Screenshot of executor 1

Screenshot 2021-03-17 at 10 02 12 PM
low-on-mana commented 3 years ago
Screenshot 2021-03-18 at 12 02 29 PM

If I dont provide any namespace, then executor metrics come with applicationId instead of name which is easier to replace with regex. But this create another issue that now we have group based on applicationId instead.

stoader commented 3 years ago

@t0il3ts0ap your config is incorrect:

*.sink.prometheus.metrics-name-capture-regex=(.+driver_)(.+)

This regex will replace only metric names that includes driver in the name.

In order to have the applicationMaster replaced you need something like:

*.sink.prometheus.metrics-name-capture-regex=(.+applicationMaster_)(.+)
low-on-mana commented 3 years ago

@stoader As you can see executor metrics are starting with appName delta_streamer_request_details_1.
Do you know how I can replace those as well ?

It will be difficult to provide dynamic metrics.properties based on application name.

stoader commented 3 years ago

I'd suggest to check the executor metric names pushed by the executor first without any regex and than create the appropriate regex for extracting only the needed part from the name

stoader commented 3 years ago

I'm closing this issue as it's not a spark-metrics issue but rather using the appropriate regex in the configuration.

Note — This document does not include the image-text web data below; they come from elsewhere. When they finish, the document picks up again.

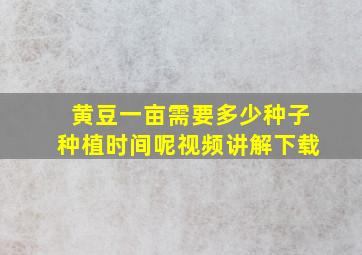 黄豆一亩需要多少种子种植时间呢视频讲解下载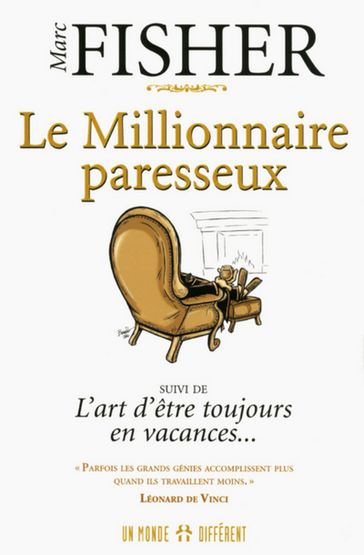 Le Millionnaire paresseux - Suivi de L'art d'être toujours en vacances... - Marc Fisher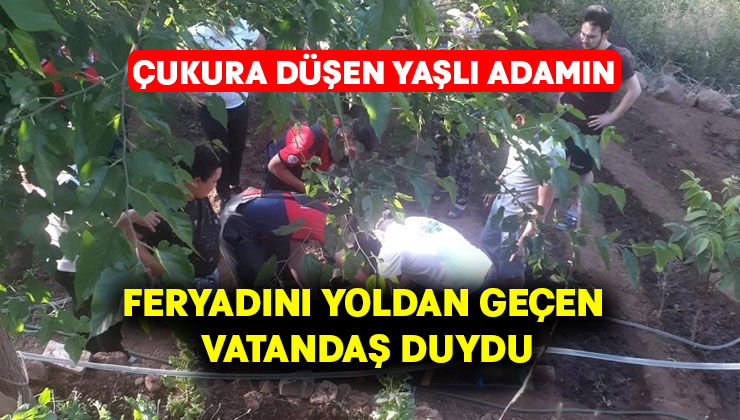 Çukura düşen yaşlı adamın feryadını yoldan geçen vatandaş duydu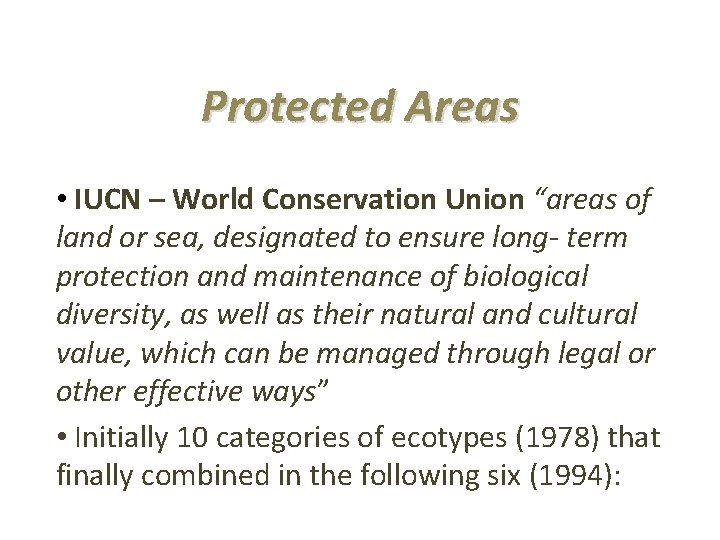 Protected Areas • IUCN – World Conservation Union “areas of land or sea, designated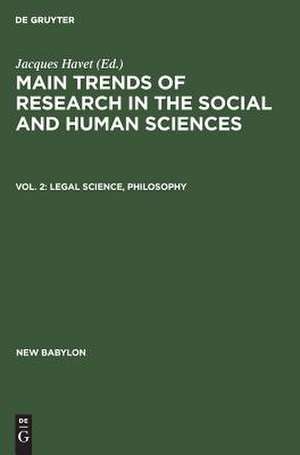 Legal science, philosophy: aus: Main trends of research in the social and human sciences, Pt. 2, Vol. 2 de Jacques Havet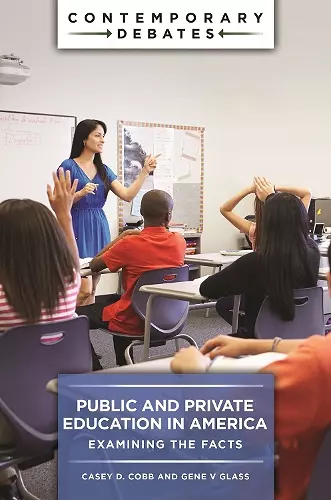 Public and Private Education in America cover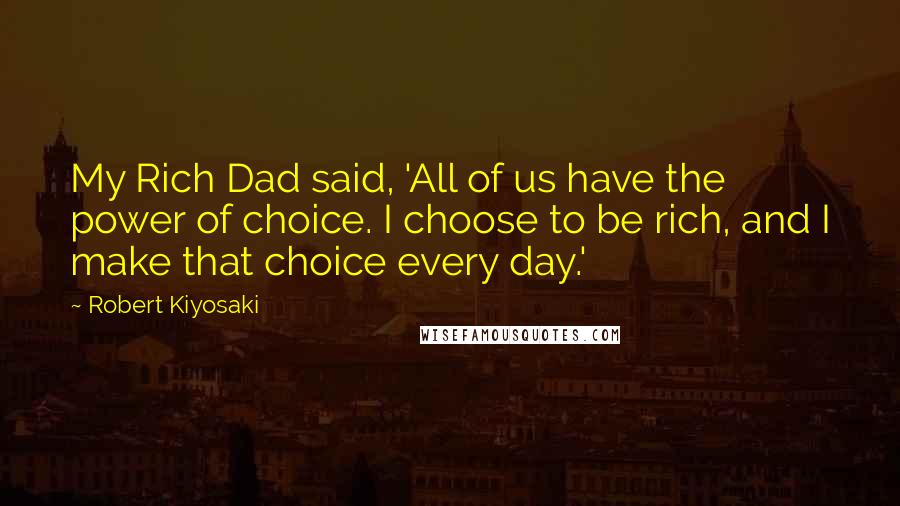 Robert Kiyosaki Quotes: My Rich Dad said, 'All of us have the power of choice. I choose to be rich, and I make that choice every day.'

low-on-mana commented 3 years ago

@stoader I used new regex, but this issue is right. It only replaces driver metrics it doesn't considers others.

*.sink.prometheus.metrics-name-capture-regex=(.*(mgck_|application_))([0-9_]*)(.+)
*.sink.prometheus.metrics-name-replacement=$4
Screenshot 2021-03-18 at 2 54 06 PM
beryllw commented 3 years ago

@stoader I used new regex, but this issue is right. It only replaces driver metrics it doesn't considers others.

*.sink.prometheus.metrics-name-capture-regex=(.*(mgck_|application_))([0-9_]*)(.+)
*.sink.prometheus.metrics-name-replacement=$4
Screenshot 2021-03-18 at 2 54 06 PM

yeah,I think you are right.It's so inconvenient

low-on-mana commented 3 years ago

@Kwafoor It doesn't works for executor if you get the jar from s3. Instead first store the jar in local filesystem ( ex-> /usr/lib/spark) in each node of your cluster ( In emr, can do via bootstrap action ), then it will work for both driver/executor.